» PROBLEM REQUIREMENTS: Starting with the line in which "HACH Water Testing" appears, give back every line exactly as written until the listing ends, excluding pictures.

» AVAILABLE DATA:
⟨

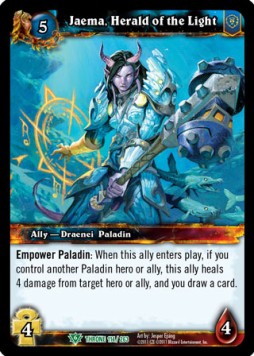 Jaema, Herald of the Light - Throne of the Tides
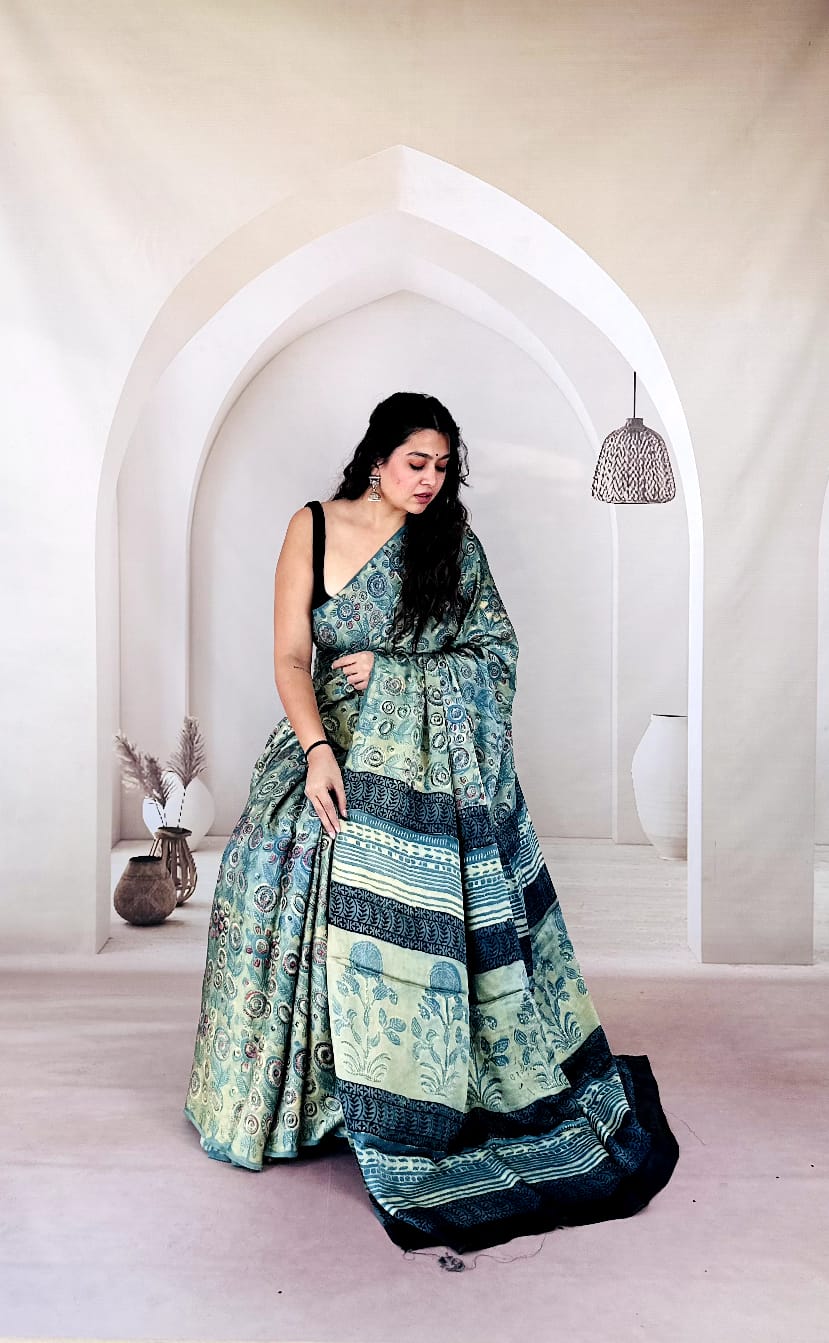 Pure modal natural dyed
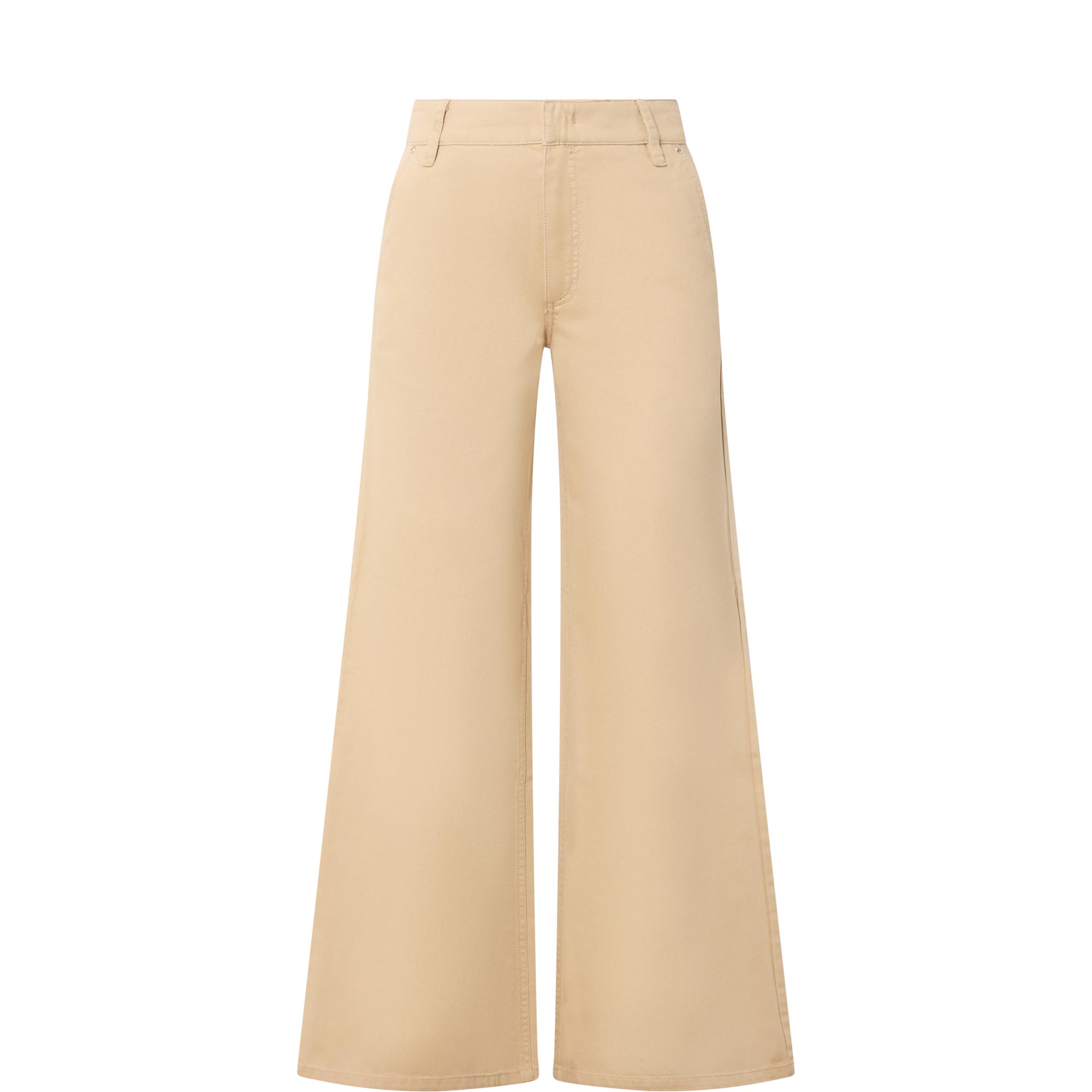 Safinas High-Rise Wide Leg Jeans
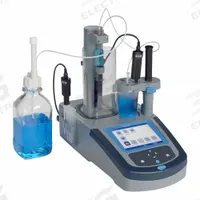 HACH Water Testing Equipment & Meters: Amperometric/Colorimetric/Potentiometric, 0, 1, 50/60 Hz (MPN AT1102.97). Key specifications — Calibration Type: Titrant Calibration; Manufacturer Part Number: AT1102.97; Operating Frequency: 50/60 Hz; Calibration Alerts: User-Defined; Calibration Interval: User-Defined; Reagent Delivery Method: Automatic; Reagents and Solutions Included: None; Operating Voltage: 100 to 240V AC.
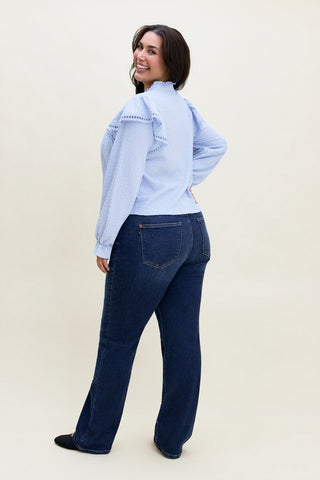 Kimberly Multi Inseam Straight Fit Jeans (Long) - PLUS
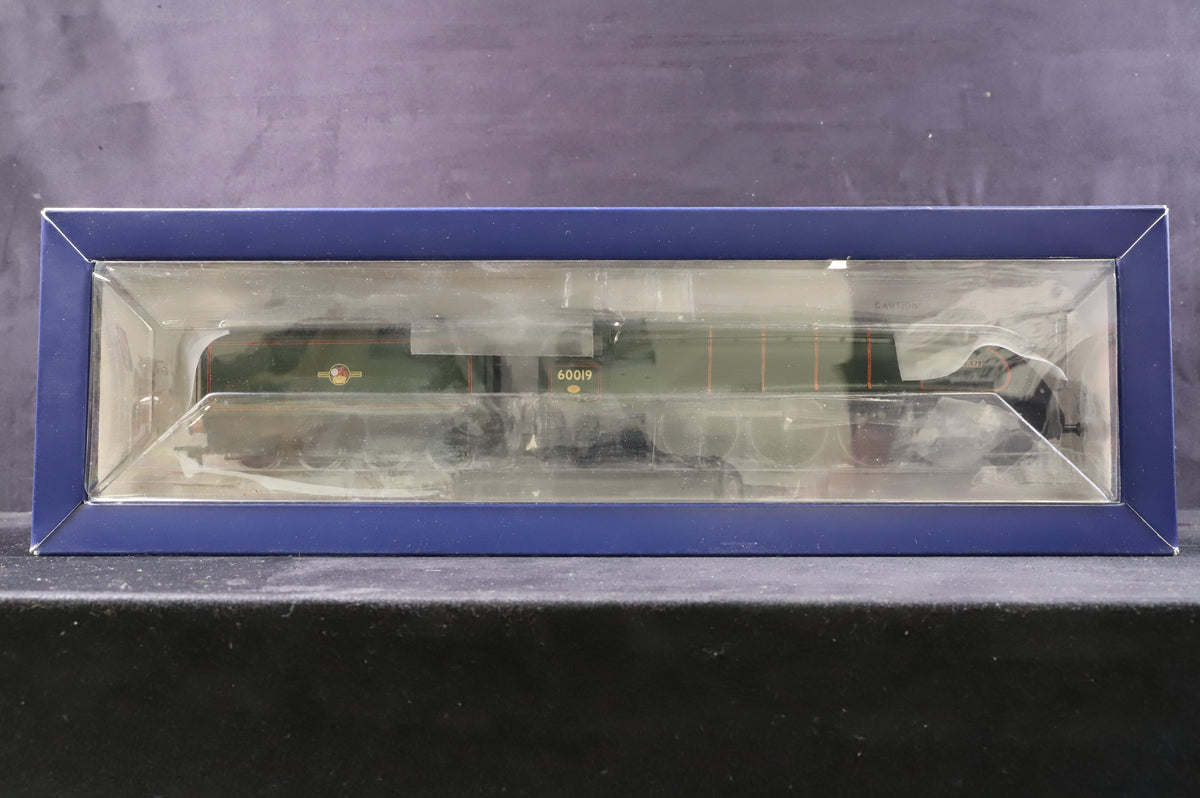 Bachmann OO 31-963 Class A4 &#39;Bittern&#39; 60019 BR Lined Green Late Crest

⟩

» ANSWER FOR THIS EXERCISE:
 HACH Water Testing Equipment & Meters: Amperometric/Colorimetric/Potentiometric, 0, 1, 50/60 Hz (MPN AT1102.97). Key specifications — Calibration Type: Titrant Calibration; Manufacturer Part Number: AT1102.97; Operating Frequency: 50/60 Hz; Calibration Alerts: User-Defined; Calibration Interval: User-Defined; Reagent Delivery Method: Automatic; Reagents and Solutions Included: None; Operating Voltage: 100 to 240V AC.
 Kimberly Multi Inseam Straight Fit Jeans (Long) - PLUS
 Bachmann OO 31-963 Class A4 &#39;Bittern&#39; 60019 BR Lined Green Late Crest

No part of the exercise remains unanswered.